I think they assume it is safer to just blow away the old account links and start over to be completely safe. I can’t really blame them. I was impressed with how they refuse all but the most secure passwords now.They have definitely ramped up security over there, compared with where they were two years ago.
Same with me. Login doesn’t work, no account found. I used it initially to set up deposit accounts but that was 3 years ago now. Looks like they just blew the accounts away. I do not have my credit files locked. Could be that not using it for some period of time gets it removed. All payments have been regular as clockwork.

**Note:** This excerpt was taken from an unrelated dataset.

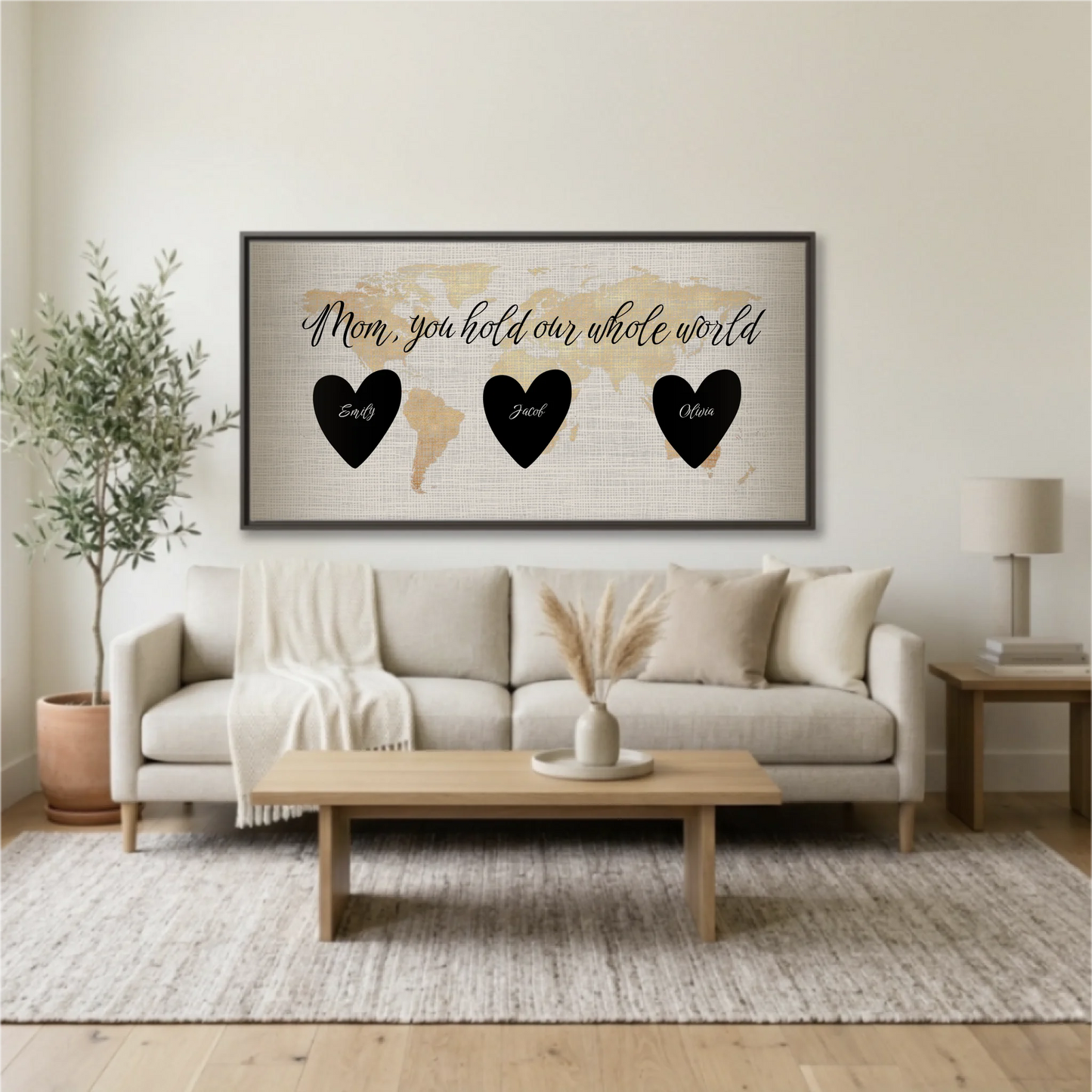 Living Room Espresso Framed Wide Format 2.1 Mockup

I had the same thing happen to me. When I contacted SSA about it they said Experian has a fraud hold on my credit report, which tells us a couple of things, good things I think. One is that SSA is cross-refing new account creation attempts with the credit bureaus, and another is that the credit bureaus are actively policing the reports in their custody and placing fraud alerts on some or all of them. I still need to look into that and decide if I want Experian to lift the fraud alert so I can create an SSA online account. After reading this article I think I’d better get on that right away.
I just went to the portal – and it’s only open from 5AM to 1AM Eastern Time. Well, it’s 12:20 AM Pacific Time here, gov. It’s a WEB SITE. Stay open 24 hours!
I’m also waiting to see what sort of “verification questions” they use, since it’s almost trivial for anyone with a social media presence to have given out most of those answers already, for hackers to slurp up and use.
Simple solution: DON’T post those kinds of things on your social media account, and/or DON’T use question/responses that are about the information you have posted. I sometimes make up fantasy responses (and record them so I know later what they are), for websites who don’t offer anything but the most common sort of verification questions.
I’ve found that one cannot register if one does not have a US mailing address. Having read the foregoing comments, I assume that’s because there is no record of me at the credit checking bureaux. Why should I, and others in the same situation, be left exposed?
And in the always-on-top-of-things-when-it-comes-to-security department: The link bandied about for this service is http://www.ssa.gov. Since this is a site at which you’ll be entering important personal information, it’s prudent to connect to it using https. But … https://www.ssa.gov produces and “invalid certificate” error, because it serves up a certificate for http://www.socialsecurity.gov.
There are a number of ways to fix this, and I won’t attempt to advise on the best approach. But it’s clear that the administrators of the Social Security site need to work a bit harder in setting it up.